## RECORDS FOR THE EXERCISE
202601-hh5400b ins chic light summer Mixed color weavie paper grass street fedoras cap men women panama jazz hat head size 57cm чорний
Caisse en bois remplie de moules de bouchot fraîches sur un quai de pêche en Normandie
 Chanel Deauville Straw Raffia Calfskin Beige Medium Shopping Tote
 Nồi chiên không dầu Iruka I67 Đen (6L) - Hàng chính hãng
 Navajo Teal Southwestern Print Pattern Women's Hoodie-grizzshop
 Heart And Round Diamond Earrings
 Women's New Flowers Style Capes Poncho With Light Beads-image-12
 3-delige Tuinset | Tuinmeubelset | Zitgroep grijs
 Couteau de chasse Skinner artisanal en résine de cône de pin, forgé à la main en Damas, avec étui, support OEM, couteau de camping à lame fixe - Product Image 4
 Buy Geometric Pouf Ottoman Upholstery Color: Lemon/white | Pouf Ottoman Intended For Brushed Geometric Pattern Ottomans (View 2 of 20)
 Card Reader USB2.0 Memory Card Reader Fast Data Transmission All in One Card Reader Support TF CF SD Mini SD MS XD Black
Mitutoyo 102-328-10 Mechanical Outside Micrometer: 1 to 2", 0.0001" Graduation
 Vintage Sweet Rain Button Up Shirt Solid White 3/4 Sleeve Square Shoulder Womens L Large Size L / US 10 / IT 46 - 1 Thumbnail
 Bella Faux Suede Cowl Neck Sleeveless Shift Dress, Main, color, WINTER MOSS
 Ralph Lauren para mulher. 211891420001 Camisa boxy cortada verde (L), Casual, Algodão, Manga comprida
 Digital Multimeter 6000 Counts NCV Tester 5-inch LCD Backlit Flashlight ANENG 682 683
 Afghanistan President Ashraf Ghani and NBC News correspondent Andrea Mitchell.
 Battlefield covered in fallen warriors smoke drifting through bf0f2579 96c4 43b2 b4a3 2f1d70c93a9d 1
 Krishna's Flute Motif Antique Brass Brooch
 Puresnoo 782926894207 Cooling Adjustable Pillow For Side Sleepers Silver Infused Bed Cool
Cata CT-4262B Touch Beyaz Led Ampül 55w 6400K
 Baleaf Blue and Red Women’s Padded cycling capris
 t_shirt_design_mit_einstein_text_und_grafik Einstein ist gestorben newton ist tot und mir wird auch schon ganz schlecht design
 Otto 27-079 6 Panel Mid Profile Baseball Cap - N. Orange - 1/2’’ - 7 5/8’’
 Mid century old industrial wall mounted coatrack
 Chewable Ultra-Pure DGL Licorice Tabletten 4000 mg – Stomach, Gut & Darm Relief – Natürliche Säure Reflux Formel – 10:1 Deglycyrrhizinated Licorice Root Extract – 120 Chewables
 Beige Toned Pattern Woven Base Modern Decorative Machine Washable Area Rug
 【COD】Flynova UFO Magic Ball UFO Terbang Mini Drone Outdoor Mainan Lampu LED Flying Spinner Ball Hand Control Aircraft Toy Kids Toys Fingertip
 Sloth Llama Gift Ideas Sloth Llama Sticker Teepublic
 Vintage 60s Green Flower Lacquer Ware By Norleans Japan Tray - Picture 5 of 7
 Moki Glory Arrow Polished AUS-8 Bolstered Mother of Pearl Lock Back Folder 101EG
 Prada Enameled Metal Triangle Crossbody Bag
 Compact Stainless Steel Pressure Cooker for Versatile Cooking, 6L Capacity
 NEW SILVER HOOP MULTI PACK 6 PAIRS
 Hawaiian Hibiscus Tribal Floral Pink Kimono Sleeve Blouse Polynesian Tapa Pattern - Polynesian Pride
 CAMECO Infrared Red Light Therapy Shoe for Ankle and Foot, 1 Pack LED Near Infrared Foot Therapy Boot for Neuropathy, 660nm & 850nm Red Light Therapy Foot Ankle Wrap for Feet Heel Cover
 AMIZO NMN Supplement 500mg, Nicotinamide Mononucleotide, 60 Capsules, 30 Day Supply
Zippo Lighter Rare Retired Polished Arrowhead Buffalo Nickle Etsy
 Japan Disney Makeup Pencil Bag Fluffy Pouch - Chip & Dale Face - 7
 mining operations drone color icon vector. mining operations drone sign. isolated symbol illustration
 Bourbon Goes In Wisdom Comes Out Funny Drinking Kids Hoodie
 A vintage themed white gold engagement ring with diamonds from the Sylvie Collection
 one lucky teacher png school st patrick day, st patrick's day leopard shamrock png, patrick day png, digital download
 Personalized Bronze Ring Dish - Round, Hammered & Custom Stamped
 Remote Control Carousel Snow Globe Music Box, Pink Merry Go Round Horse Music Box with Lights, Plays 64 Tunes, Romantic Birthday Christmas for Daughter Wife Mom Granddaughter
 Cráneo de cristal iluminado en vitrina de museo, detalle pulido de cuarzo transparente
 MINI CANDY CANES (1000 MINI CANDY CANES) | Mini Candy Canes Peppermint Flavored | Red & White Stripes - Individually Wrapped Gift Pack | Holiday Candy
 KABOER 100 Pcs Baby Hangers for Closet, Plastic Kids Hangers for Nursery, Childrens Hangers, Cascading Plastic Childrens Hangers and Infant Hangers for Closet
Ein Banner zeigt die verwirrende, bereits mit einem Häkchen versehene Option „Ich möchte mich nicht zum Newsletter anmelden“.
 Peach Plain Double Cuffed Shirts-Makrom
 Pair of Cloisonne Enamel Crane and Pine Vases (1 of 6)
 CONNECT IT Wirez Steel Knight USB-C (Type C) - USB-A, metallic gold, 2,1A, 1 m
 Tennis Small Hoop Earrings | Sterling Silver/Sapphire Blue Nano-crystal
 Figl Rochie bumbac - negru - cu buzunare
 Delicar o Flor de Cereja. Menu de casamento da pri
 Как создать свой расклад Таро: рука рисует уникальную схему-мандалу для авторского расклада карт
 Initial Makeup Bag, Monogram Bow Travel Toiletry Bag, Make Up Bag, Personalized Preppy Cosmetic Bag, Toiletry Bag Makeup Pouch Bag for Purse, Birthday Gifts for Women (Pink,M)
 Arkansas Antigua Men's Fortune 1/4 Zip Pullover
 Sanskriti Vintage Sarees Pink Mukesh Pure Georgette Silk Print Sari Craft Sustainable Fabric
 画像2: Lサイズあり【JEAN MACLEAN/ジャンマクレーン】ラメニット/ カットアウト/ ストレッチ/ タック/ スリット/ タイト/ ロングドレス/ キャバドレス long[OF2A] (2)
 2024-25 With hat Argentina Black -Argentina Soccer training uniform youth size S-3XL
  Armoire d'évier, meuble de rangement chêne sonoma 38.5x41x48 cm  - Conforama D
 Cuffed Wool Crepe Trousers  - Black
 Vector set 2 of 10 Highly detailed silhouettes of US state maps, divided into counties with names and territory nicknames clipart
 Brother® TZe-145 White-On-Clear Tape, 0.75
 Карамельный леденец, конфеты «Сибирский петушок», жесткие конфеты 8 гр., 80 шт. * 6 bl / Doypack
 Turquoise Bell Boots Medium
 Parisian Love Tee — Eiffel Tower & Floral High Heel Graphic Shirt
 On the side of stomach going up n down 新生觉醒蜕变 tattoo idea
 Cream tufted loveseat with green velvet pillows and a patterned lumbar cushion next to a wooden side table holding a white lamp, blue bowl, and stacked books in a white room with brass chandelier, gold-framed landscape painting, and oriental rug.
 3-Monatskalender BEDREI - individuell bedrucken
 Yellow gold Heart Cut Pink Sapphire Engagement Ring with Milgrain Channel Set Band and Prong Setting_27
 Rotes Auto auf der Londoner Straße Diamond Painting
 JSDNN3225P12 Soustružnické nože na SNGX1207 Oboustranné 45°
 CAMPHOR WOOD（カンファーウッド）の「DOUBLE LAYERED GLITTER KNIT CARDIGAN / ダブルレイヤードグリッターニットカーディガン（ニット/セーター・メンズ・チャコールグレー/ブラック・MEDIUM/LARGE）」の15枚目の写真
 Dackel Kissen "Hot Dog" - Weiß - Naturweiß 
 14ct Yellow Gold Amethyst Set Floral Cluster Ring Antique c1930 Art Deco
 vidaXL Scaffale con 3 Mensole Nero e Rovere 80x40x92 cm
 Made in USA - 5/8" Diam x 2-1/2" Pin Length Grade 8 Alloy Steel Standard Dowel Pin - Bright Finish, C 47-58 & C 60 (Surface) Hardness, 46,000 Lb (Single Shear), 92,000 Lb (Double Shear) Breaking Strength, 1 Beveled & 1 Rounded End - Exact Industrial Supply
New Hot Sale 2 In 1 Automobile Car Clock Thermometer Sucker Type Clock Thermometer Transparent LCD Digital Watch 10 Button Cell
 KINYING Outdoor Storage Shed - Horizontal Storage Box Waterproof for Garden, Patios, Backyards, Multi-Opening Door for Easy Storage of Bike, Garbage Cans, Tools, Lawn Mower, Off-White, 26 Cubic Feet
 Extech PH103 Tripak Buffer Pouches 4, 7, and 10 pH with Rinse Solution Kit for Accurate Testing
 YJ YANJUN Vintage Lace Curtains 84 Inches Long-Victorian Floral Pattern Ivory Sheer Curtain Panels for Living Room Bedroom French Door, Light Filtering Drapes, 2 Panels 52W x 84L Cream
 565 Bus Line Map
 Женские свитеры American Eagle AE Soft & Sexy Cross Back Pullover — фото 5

## WORK TO COMPLETE
Your task for the entries above: copy exactly the span starting with the line with "Bourbon Goes In" and going on through the line with "Cuffed Wool Crepe", both lines included, and nothing else.

## ANSWER TO THIS EXERCISE
 Bourbon Goes In Wisdom Comes Out Funny Drinking Kids Hoodie
 A vintage themed white gold engagement ring with diamonds from the Sylvie Collection
 one lucky teacher png school st patrick day, st patrick's day leopard shamrock png, patrick day png, digital download
 Personalized Bronze Ring Dish - Round, Hammered & Custom Stamped
 Remote Control Carousel Snow Globe Music Box, Pink Merry Go Round Horse Music Box with Lights, Plays 64 Tunes, Romantic Birthday Christmas for Daughter Wife Mom Granddaughter
 Cráneo de cristal iluminado en vitrina de museo, detalle pulido de cuarzo transparente
 MINI CANDY CANES (1000 MINI CANDY CANES) | Mini Candy Canes Peppermint Flavored | Red & White Stripes - Individually Wrapped Gift Pack | Holiday Candy
 KABOER 100 Pcs Baby Hangers for Closet, Plastic Kids Hangers for Nursery, Childrens Hangers, Cascading Plastic Childrens Hangers and Infant Hangers for Closet
Ein Banner zeigt die verwirrende, bereits mit einem Häkchen versehene Option „Ich möchte mich nicht zum Newsletter anmelden“.
 Peach Plain Double Cuffed Shirts-Makrom
 Pair of Cloisonne Enamel Crane and Pine Vases (1 of 6)
 CONNECT IT Wirez Steel Knight USB-C (Type C) - USB-A, metallic gold, 2,1A, 1 m
 Tennis Small Hoop Earrings | Sterling Silver/Sapphire Blue Nano-crystal
 Figl Rochie bumbac - negru - cu buzunare
 Delicar o Flor de Cereja. Menu de casamento da pri
 Как создать свой расклад Таро: рука рисует уникальную схему-мандалу для авторского расклада карт
 Initial Makeup Bag, Monogram Bow Travel Toiletry Bag, Make Up Bag, Personalized Preppy Cosmetic Bag, Toiletry Bag Makeup Pouch Bag for Purse, Birthday Gifts for Women (Pink,M)
 Arkansas Antigua Men's Fortune 1/4 Zip Pullover
 Sanskriti Vintage Sarees Pink Mukesh Pure Georgette Silk Print Sari Craft Sustainable Fabric
 画像2: Lサイズあり【JEAN MACLEAN/ジャンマクレーン】ラメニット/ カットアウト/ ストレッチ/ タック/ スリット/ タイト/ ロングドレス/ キャバドレス long[OF2A] (2)
 2024-25 With hat Argentina Black -Argentina Soccer training uniform youth size S-3XL
  Armoire d'évier, meuble de rangement chêne sonoma 38.5x41x48 cm  - Conforama D
 Cuffed Wool Crepe Trousers  - Black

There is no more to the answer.